C2Dv2 continues the concept of bringing algo to the data, allowing both public and private use of datasets for use with algorithms. Although the previous versions was relying on external components (Provider -> Operator Service (running in k8) -> multiple Operator-Engines (each running in it's own k8 namespace)), C2DV2 is embedded entirely in ocean-node.
It has a modular approach, allowing multiple compute engines to be connected to the same ocean-node engine. This compute engines can be internal (docker or k8 (if ocean-node runs in a k8 env)), or external (in future, we could integrate projects like Bachalau, iExec, etc (TBD))
- allow multiple c2d engines connected to same ocean-node
- allow multiple jobs(stages) in a workflow
- a job can depend(or not) on a previous stage -> parallel/serial jobs
A workflow defines one or more jobs to be executed. Each job may have dependencies from a previous job
[
index: number
jobId: generated by orchestrator
runAfter: if defined, wait for specific jobId to finish
input: [
index: number
did?: string
serviceId?: string,
files?: filesObject
],
algorithm: {
did?: string
serviceId?: string
files?: filesObject
rawcode?: string
container?: {
entrypoint: string
image: string
tag: string
}
}
]
Former known as "operator-service", this layer handles interactions between ocean-node core layer and different execution environments.
In a nutshell, it should:
- exposing list of compute environments for all engines
- exposing list of running jobs and limits (max concurrent jobs, etc)
- take a new job (created by startJob core handler)
- determine which module to use (docker, k8, Bachalau, etc)
- insert workflow in database
- signal engine handler to take over the job execution
- read workflow status when c2d getStatus core is called
- serve job results when c2d getJobResult is called
Since, due to technical constrains, both internal modules (docker and k8) will use docker images for data provisioning (old pod-configuration) and results publishing (old pod-publishing), orchestration layer will also expose two new core commands:
- c2dJobStatusUpdate (called by both pod-config and pob-publishing to update job status)
- c2dJobPublishResult (called by pod-publishing when results have to be uploaded)
When any of pod-** will call one of those endpoints, we must verify the signature and respond accordingly
Will be based on a escrow contract.

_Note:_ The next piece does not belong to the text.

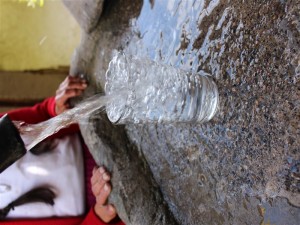 El agua potable cumple con las condiciones adecuadas para el consumo humano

Orchestrator will:
- compute sum(maxDuration) from all jobs in the workflow
- calculate required fee (depend on previous step, token, environment, etc)
- lock amount in escrow contract
- wait until all jobs are finished (success or not)
- calculate actual duration spent
- compute proof
- withdraw payment & put proof and release the difference back to the customer.
A C2D Engine is a piece of code that handles c2d jobs that are running on a specific orchestration implementation.
This documents focuses on internal compute engines: - Docker based (host with docker environment installed) - K8 based (if ocean-node runs inside a k8 cluster)
An engine that uses external services (like Bachalau) has the same logic, but mostly likely will interact with remote APIs
An engine is responsible for:
- store workflows and each job status (so, on restart we can resume flows or continue running flow)
- queue new jobs
This module requires docker service installed at the host level.
It will leverage Docker API to:
- create job volume (with quotas)
- start provisioning container (aka pod-configuration)
- monitor it's status
- create yml for algo, with hw constrains (cpu,ram)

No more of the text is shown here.